MCTS occupies a particular niche in the landscape of decision-time planning algorithms. Alpha-beta pruning with iterative deepening remains strongest for chess thanks to its compatibility with strong static evaluators and tactical extensions. Pure UCT MCTS dominates general game playing because it requires no domain knowledge. MCTS with neural network guidance (PUCT) is the current state of the art for Go and most other complex games when paired with sufficient compute. Best-first heuristic search such as A* and IDA* remains the natural choice for single-agent shortest path problems with admissible heuristics. The boundaries continue to shift as learned components become more powerful: hybrid systems such as Stockfish NNUE in chess and Leela Chess Zero have brought neural evaluations into both alpha-beta and MCTS engines.
Fuego (C++) is a long-standing open-source MCTS framework for Go and general game playing developed at the University of Alberta. Pachi (C) is a strong open-source Go program using MCTS with RAVE and pattern playouts. KataGo (C++ and Python) is a self-play MCTS Go engine in the AlphaGo Zero tradition, widely used by amateur and professional Go players. Leela Zero and Leela Chess Zero are open-source AlphaZero replications for Go and chess that run distributed self-play training. OpenSpiel is DeepMind's framework for reinforcement learning research in games, including MCTS, AlphaZero, and other algorithms. LightZero is a Python benchmark for MCTS algorithms including AlphaZero, MuZero, EfficientZero, Sampled MuZero, and Gumbel MuZero. mctx is DeepMind's reference implementation in JAX of UCT, AlphaZero, and Gumbel MuZero. Most modern research happens in Python with PyTorch or JAX backends because of the tight integration with neural network training; C++ implementations remain dominant in production game engines where wall-clock per-move budgets matter.
Despite its successes, MCTS has open problems. Sparse-reward environments such as long-horizon robotics tasks present extreme difficulty because random rollouts almost never reach a positive reward. Tactical positions in chess can require depths that pure UCT explores too uniformly, which is why even AlphaZero-style chess engines benefit from selective deepening heuristics borrowed from alpha-beta engines. Continuous action spaces require sampling-based variants such as progressive widening, KR-UCT, or Sampled MuZero, none of which are as theoretically clean as discrete UCT.
The simulation budget remains a concern. AlphaGo at the time of the Lee Sedol match used roughly 1,920 CPUs and 280 GPUs for several seconds per move; even AlphaGo Zero on a single TPU performed about 1,600 simulations per move. Reducing this budget while preserving strength is an active area of research, with EfficientZero and Gumbel MuZero making notable progress. For LLM-based MCTS, where each simulation requires running a multi-billion-parameter model, the cost is even more pressing and motivates work on cheaper rollouts, learned value heads, and batched search.

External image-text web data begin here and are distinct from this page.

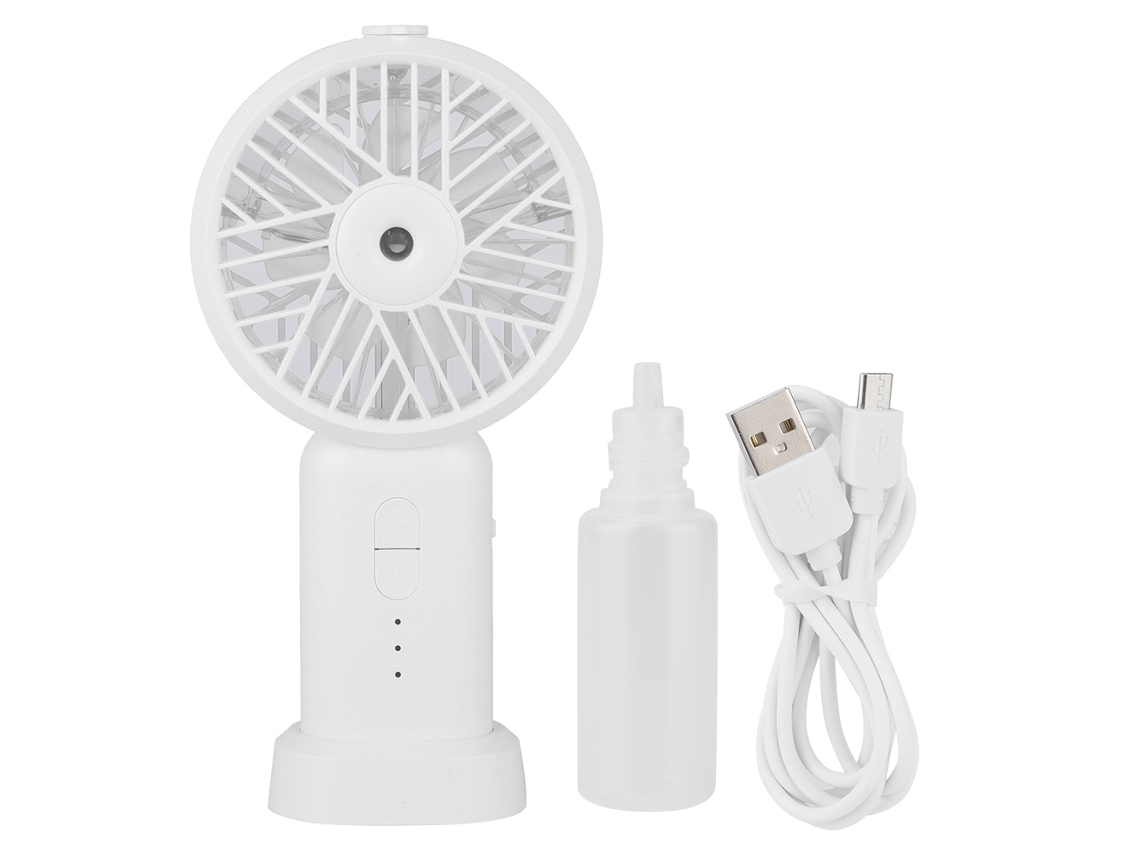 Ventilador portátil recargable por USB con pulverizador de 12 ml - Blanco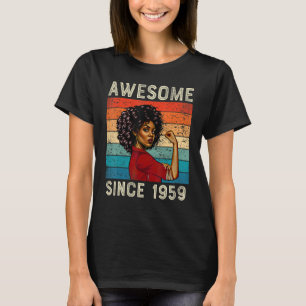 63rd Birthday Vintage Awesome Since 1959 Black Wom T-Shirt
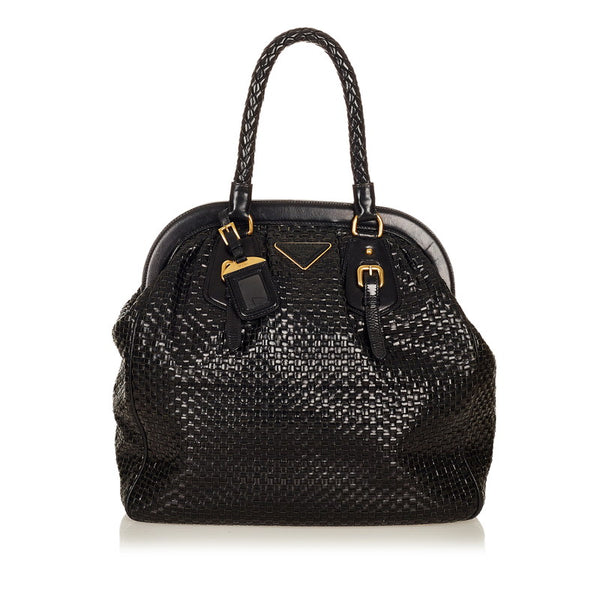 プラダ ブラック レザー トートバッグ レディース PRADA 【中古】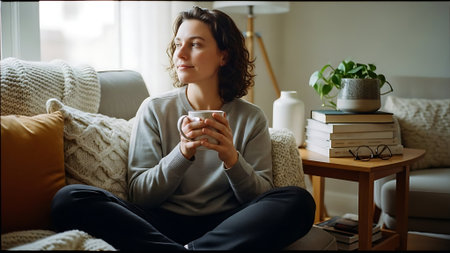Relaxed young woman with cup of coffee sitting on sofa at homeの素材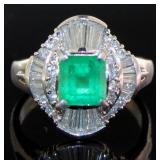 Platinum 2.19 ct Natural Emerald & Diamond Ring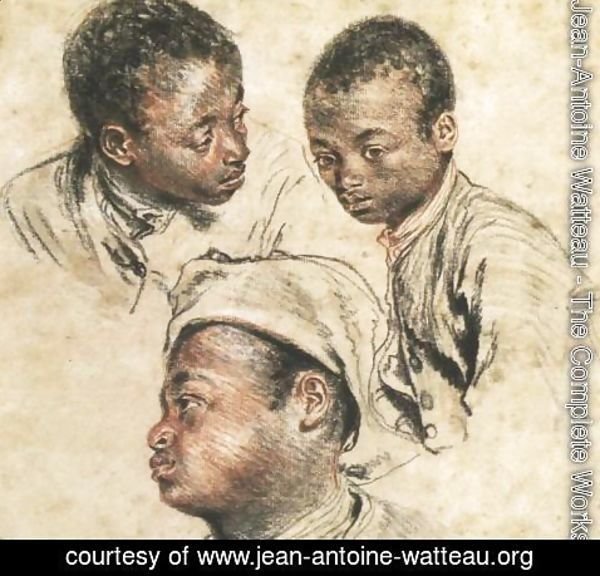 Jean-Antoine Watteau - Three Studies of the Head of a Young Negro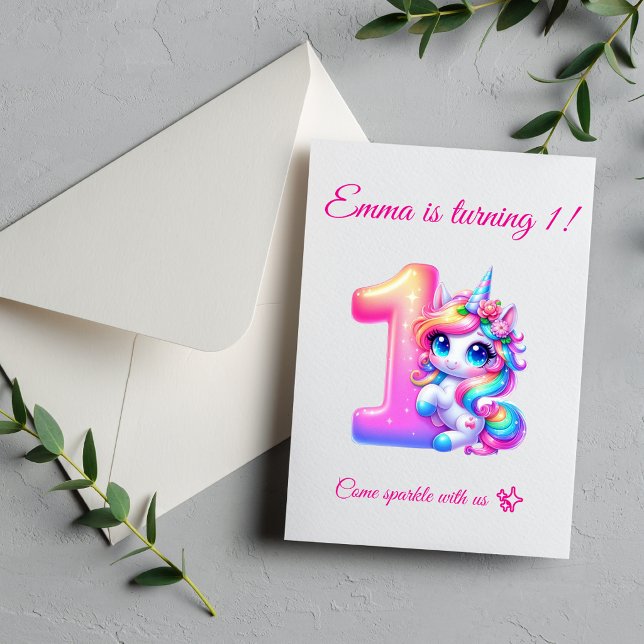 Invitation anniversaire magique 1 an Modifiable (Créateur téléchargé)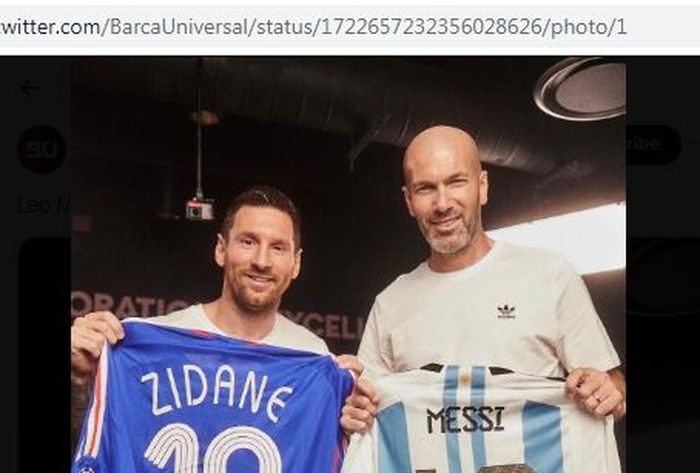 Dua ikon sepak bola dunia, Lionel Messi dan Zinedine Zidane.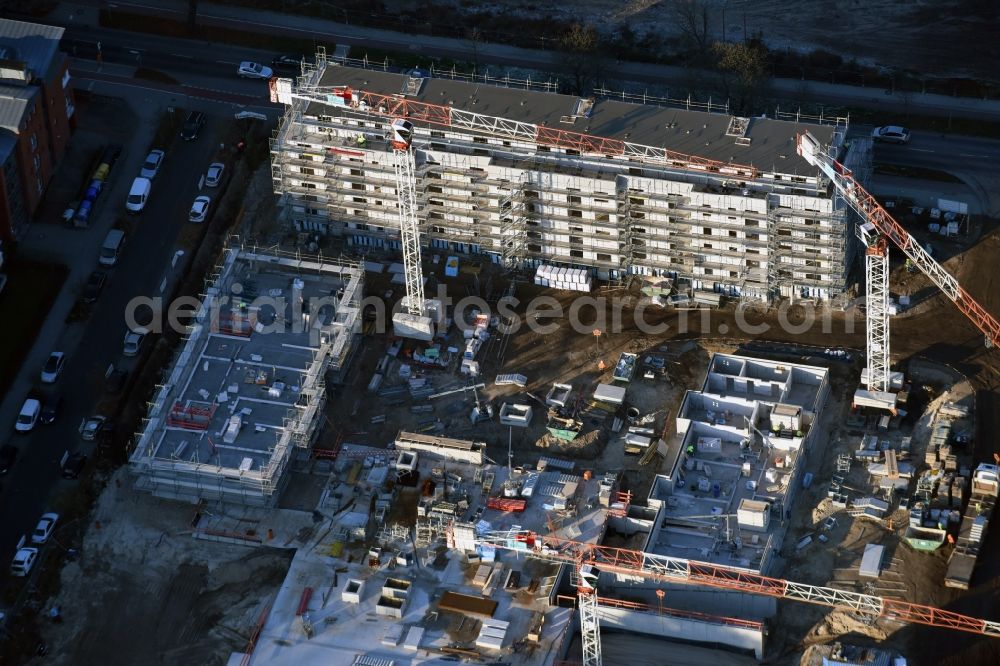 Berlin from the bird's eye view: Construction site to build a new multi-family residential complex on Weissenhoeher Strasse - Arno-Phillipstal-Strasse of Bonava Deutschland GmbH im Stadtteil Kaulsdorf in Berlin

Theoretically, the regret guarantees of UCT are stated for problems with bounded rewards and finite horizons, conditions that are sometimes violated in practice. There has been progress on distributional MCTS, which maintains a posterior over the value distribution at each node, and on Bayesian MCTS variants that use Thompson sampling for selection, but the practical impact of these approaches has been more modest than that of the AlphaZero-style learned components. Integrating MCTS with model-based reinforcement learning, off-policy data, and large-scale pretraining is the current frontier.